ABSTRACT

By the 1970s, it was evident that most sequences in the genomes of complex organisms are not protein-coding. The amount of cellular DNA was found to broadly increase with developmental complexity, but there were incongruities, termed the C-value paradox. Theoretical considerations of the lethality of protein-coding mutations, the presence of large amounts of repetitive sequences and seemingly defective ‘pseudogenes’ all suggested that some, and perhaps most, multicellular organisms carry variable amounts of superfluous ‘non-informational’ DNA. The corollary of neutral evolution of non-functional sequences was widely accepted, although there was debate between the ‘near-neutralists’ and ‘adaptionists’ concerning the signatures of protein-coding genes and regulatory sequences underpinning quantitative trait variation. Later analyses showed many different rate classes of sequence evolution in plant and animal genomes. Nonetheless, there was growing consensus that much if not most of the DNA in plant and animal genomes must be junk and that the many repetitive sequences, by then known to be derived from transposons, are ‘selfish’ genetic hobos and freeloading passengers.
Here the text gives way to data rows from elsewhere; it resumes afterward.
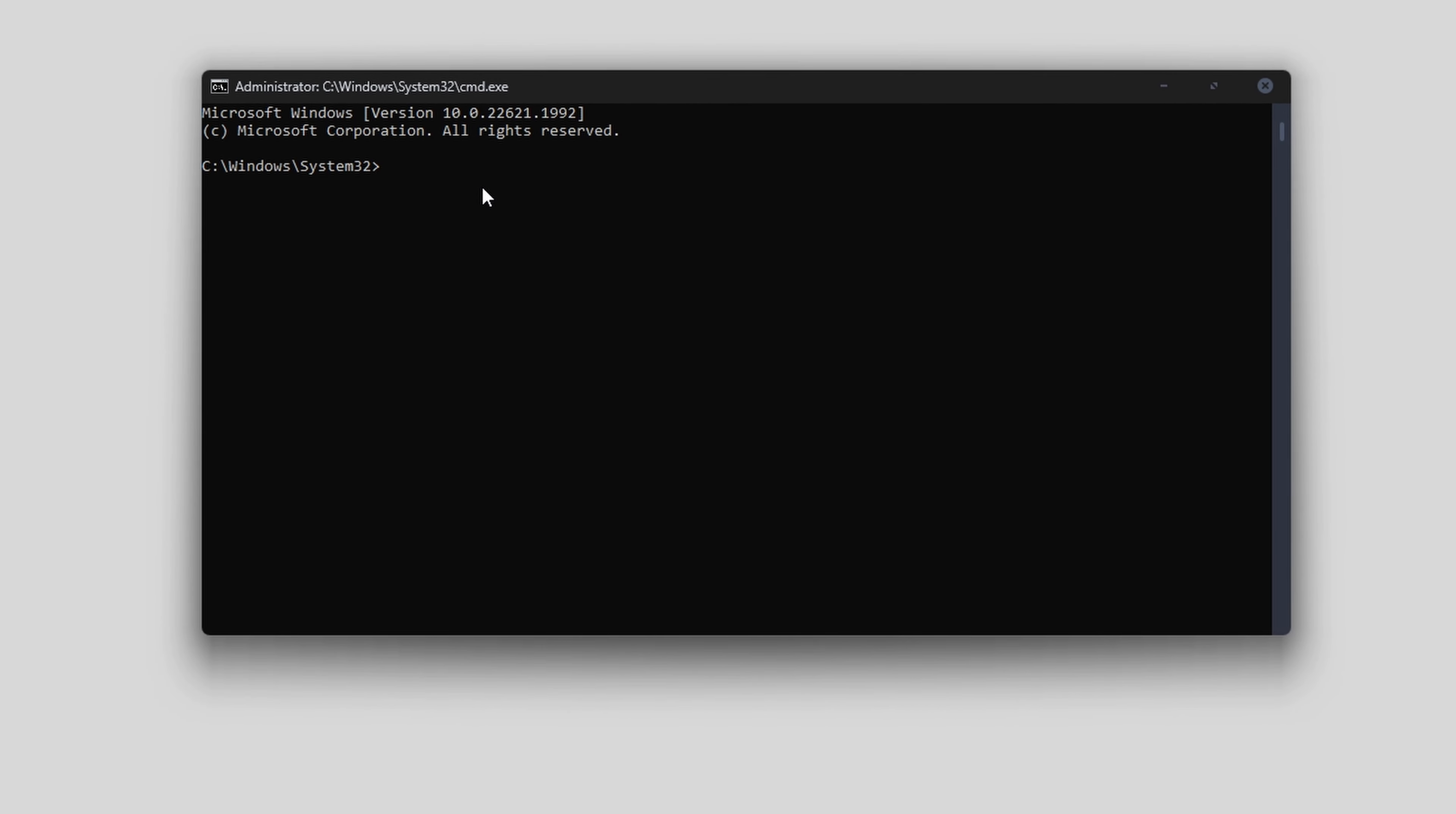And here, depending on the location, you can type CD space, paste in the address and press enter. However, for me, mine's on H drive. So I need to change the drive letter first. So H colon, that'll change the drive. And I can go CD space and paste in the address.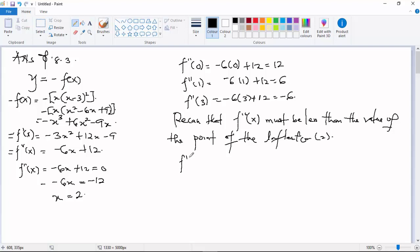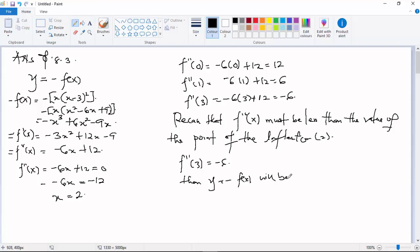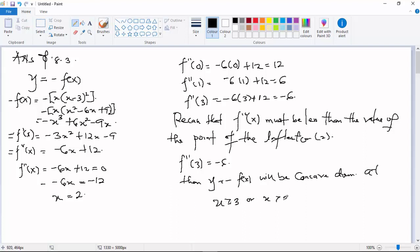Since f''(3) = -6, then y = -f(x) will be concave down for x greater than 2. That's our final answer.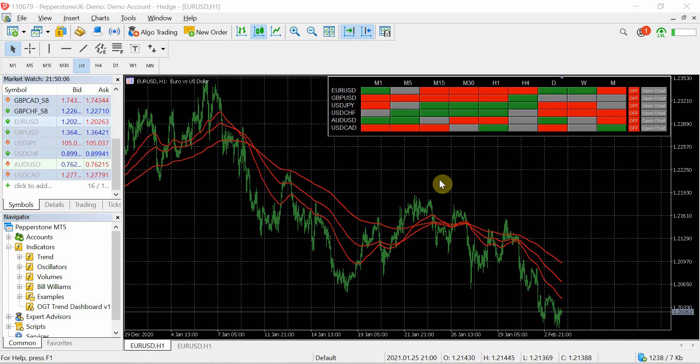What's up you guys, Zoeb here from OneGlanceTrader.com. Today marks a historic moment on the OGT YouTube channel because it's my first ever MT5 indicator release.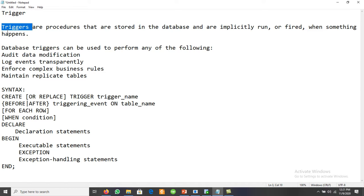For creating triggers, always try to limit the size. If the trigger body exceeds 60 lines, use stored procedures and call the procedure from the trigger. Database triggers can be used to perform audit data modification.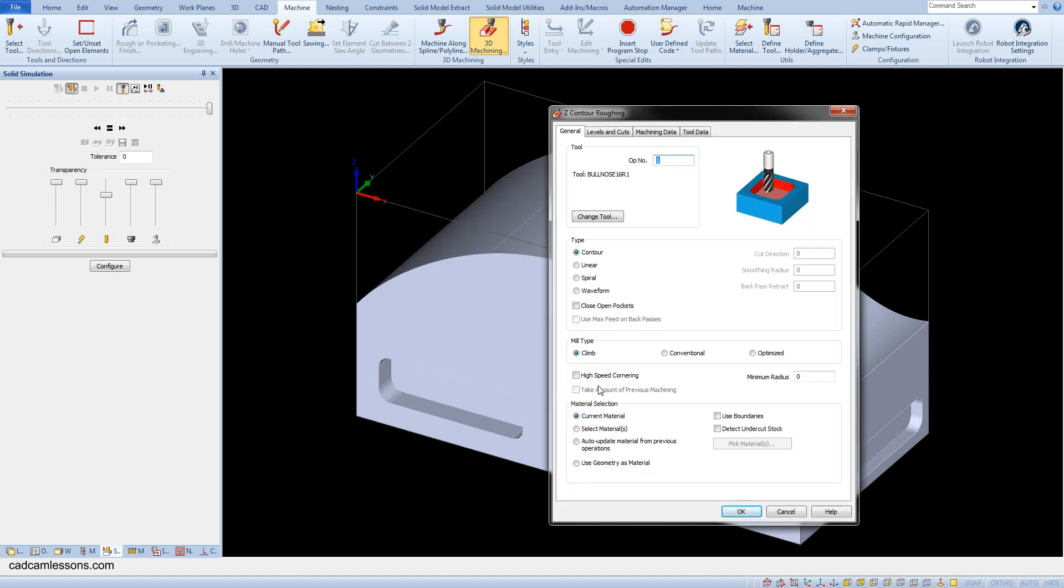And in the general tab in the tool section as in the previous machining, we have information about the tool selected in this operation. In the type section we can choose how the toolpaths will be generated.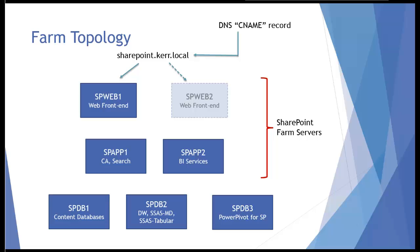In the last lesson of this sequence, we talked about creating the web application and site collections for a topology like this. So let's go ahead and actually do that configuration.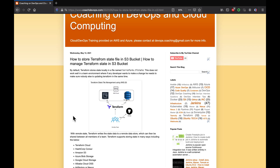One of the common interview questions during a DevOps interview is how to manage the Terraform state file, or where it is being managed. That's a common interview question, and that's exactly what we are going to discuss in this video.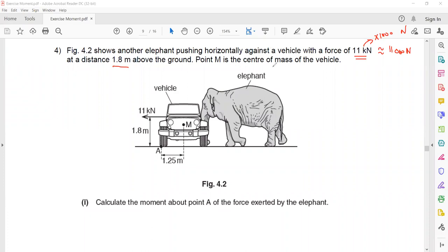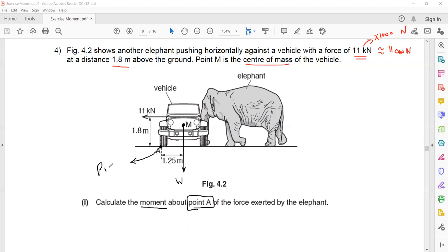Point M is the center of mass, meaning it is the point where the weight of an object acts. The weight of the car acts downward at that point. The first part asks us to calculate the moment about point A — point A is the pivot around which the object can rotate. We need to find the turning effect about point A of the force exerted by the elephant. When the elephant pushes the car, the car will tend to topple or rotate about point A — in an anti-clockwise direction.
The discovery in 1977 that eukaryotic genes are composed of short fragments of protein-coding sequences (‘exons’) interspersed with non-coding sequences (‘introns’), which are removed by post-transcriptional splicing, explained heterogeneous nuclear RNA and was proffered as further evidence of junk. Introns were rationalized as extant remnants of the prebiotic assembly of genes, which had been deleted from microbial genomes under selective pressure for rapid replication, but persisted and were fattened by transposons in complex organisms, despite the fact that complex organisms have microbial ancestors. Introns were found to increase in number and size with developmentally complexity, which suggested that they may have evolved developmentally important functions transacted by RNA.